The resulting full population, their time at home and activities at other locations, and their trips between those locations are validated using comparisons of the person-level activity to the input data to make sure it replicates the observed data along the expected dimensions, including:

  • Comparison of tour types by demographics to NHTS

  • Comparison of time use (home, work, other, travel) per 15 minutes to NHTS

  • Comparison of number of trips per person per day to NHTS

  • Comparison of number of tours per person per day to NHTS

  • Comparison of no-tour persons to NHTS

  • Comparison of no-tour persons to Standard Data Anytime Population

  • Comparison of count of arrivals, average occupancy, and average dwell time to Standard Data Anytime Population

Specifically, the expected national average trip length frequency distribution is closely monitored and compared to the Standard Data Anytime Population and the NHTS. Any deviation from expected results needs to be well explained in actual observations and the NHTS. Similar rigor is also applied to the distribution of trips within each day part bin listed below.

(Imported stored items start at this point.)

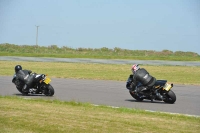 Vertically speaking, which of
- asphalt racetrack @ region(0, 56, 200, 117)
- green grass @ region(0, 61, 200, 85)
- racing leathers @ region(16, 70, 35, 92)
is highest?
racing leathers @ region(16, 70, 35, 92)

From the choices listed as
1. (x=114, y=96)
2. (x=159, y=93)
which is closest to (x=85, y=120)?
(x=159, y=93)

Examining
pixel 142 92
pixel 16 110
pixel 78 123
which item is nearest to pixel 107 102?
pixel 142 92

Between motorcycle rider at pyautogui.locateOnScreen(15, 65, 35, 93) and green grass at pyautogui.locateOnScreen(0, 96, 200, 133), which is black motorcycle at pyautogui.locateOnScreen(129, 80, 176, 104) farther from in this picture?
motorcycle rider at pyautogui.locateOnScreen(15, 65, 35, 93)

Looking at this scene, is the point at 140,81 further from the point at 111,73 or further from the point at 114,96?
the point at 111,73

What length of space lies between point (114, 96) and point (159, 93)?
82.3 inches

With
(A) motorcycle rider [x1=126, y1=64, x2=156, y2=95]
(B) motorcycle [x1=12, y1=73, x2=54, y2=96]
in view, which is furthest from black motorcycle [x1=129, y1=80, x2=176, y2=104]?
(B) motorcycle [x1=12, y1=73, x2=54, y2=96]

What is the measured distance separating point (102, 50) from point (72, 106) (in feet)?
207

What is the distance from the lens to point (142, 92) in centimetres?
1535

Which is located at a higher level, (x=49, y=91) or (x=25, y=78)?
(x=25, y=78)

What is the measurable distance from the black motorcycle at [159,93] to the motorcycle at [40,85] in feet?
9.46

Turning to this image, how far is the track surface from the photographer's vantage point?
13.7 metres

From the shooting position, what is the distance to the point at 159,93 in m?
15.1

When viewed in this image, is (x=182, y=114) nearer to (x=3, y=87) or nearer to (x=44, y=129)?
(x=44, y=129)

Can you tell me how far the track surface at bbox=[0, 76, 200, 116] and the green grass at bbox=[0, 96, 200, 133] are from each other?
1.53 metres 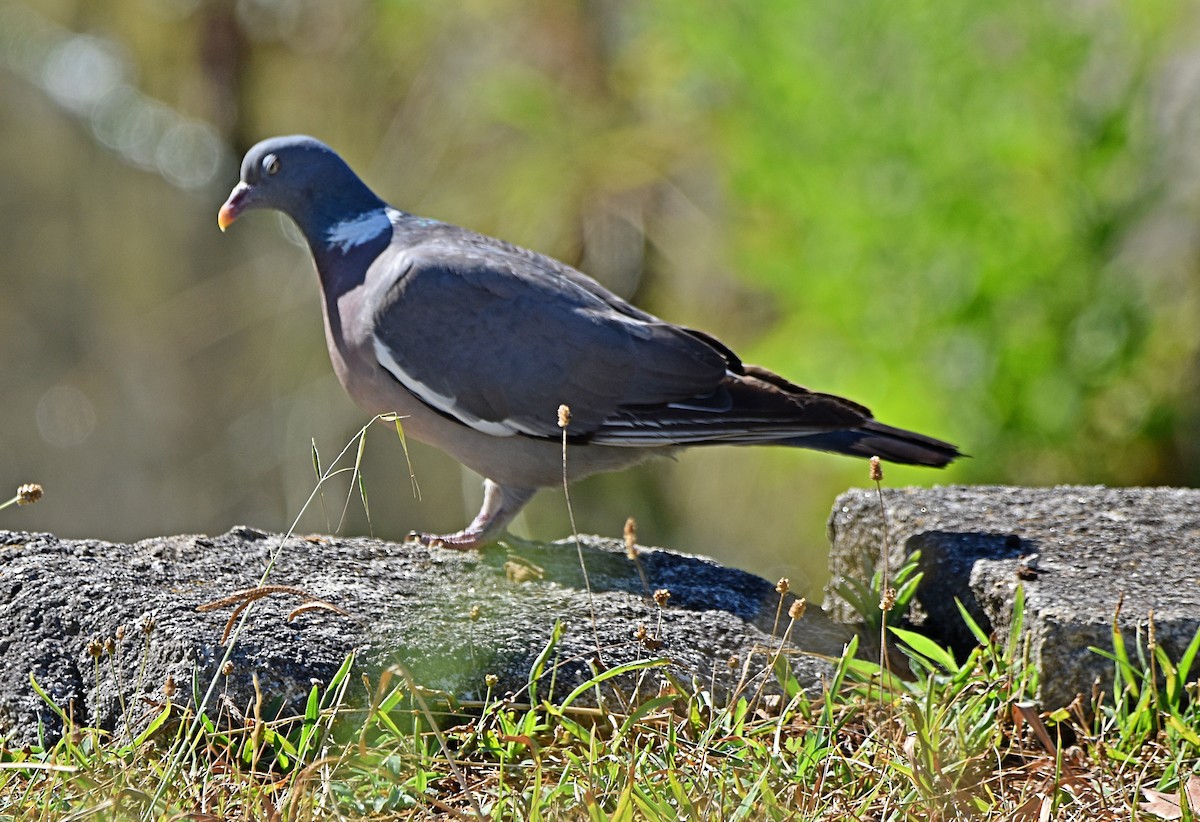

  • 12:00 am to 6:00 am (early morning)

  • 6:00 am to 10:00 am (AM peak)

  • 10:00 am to 3:00 pm (midday)

  • 3:00 pm to 7:00 pm (PM peak)

  • 7:00 pm to 12:00 am (late evening)

These comparisons are especially valid for explaining the changes in travel that happened initially and continuing through COVID-19. The comparison and explanation using the demographics, work tours, employment, long distance travel, and daily observed travel is key to not only producing robust Movement Patterns but also for enhancing the real-time weekly impressions adjustments and future forecasts.

In a final phase of validation, the itineraries are compared against datasets and 3rd party travel insights not used as inputs to the simulation:

  • Comparison of commuting patterns to LEHD LODES Employment Origin Destination patterns

  • Comparison of commuting patterns and commuting travel times to Census Transportation Planning Package Journey to Work

  • Comparison to other open datasets like the Humanitarian Data Exchange (HDX) Movement Range Maps – https://data.humdata.org/dataset/movement-range-maps

Trip Matrix Delivery

The detailed output from the microsimulation delivers the full daily itineraries. To produce a Trip Matrix, the detailed itineraries for all people nationwide are simply aggregated up into trip matrices along desired dimensions of home location, origin, destination, and purpose by hour of the day.